■ WHAT TO PRODUCE: The entries that follow should be duplicated in full, without a single alteration.

(Records from a data source)
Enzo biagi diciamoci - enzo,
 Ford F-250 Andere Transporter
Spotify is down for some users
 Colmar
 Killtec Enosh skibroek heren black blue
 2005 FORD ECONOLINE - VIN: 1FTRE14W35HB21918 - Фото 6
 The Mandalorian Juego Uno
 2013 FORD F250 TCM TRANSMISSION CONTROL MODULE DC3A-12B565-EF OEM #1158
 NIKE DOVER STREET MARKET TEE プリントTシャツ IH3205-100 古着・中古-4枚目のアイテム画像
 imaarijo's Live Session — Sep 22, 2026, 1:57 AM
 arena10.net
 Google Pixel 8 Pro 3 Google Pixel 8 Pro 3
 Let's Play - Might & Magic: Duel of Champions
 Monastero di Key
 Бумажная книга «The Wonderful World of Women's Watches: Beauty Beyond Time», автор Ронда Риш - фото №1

■ ANSWER TO THE EXERCISE:
Enzo biagi diciamoci - enzo,
 Ford F-250 Andere Transporter
Spotify is down for some users
 Colmar
 Killtec Enosh skibroek heren black blue
 2005 FORD ECONOLINE - VIN: 1FTRE14W35HB21918 - Фото 6
 The Mandalorian Juego Uno
 2013 FORD F250 TCM TRANSMISSION CONTROL MODULE DC3A-12B565-EF OEM #1158
 NIKE DOVER STREET MARKET TEE プリントTシャツ IH3205-100 古着・中古-4枚目のアイテム画像
 imaarijo's Live Session — Sep 22, 2026, 1:57 AM
 arena10.net
 Google Pixel 8 Pro 3 Google Pixel 8 Pro 3
 Let's Play - Might & Magic: Duel of Champions
 Monastero di Key
 Бумажная книга «The Wonderful World of Women's Watches: Beauty Beyond Time», автор Ронда Риш - фото №1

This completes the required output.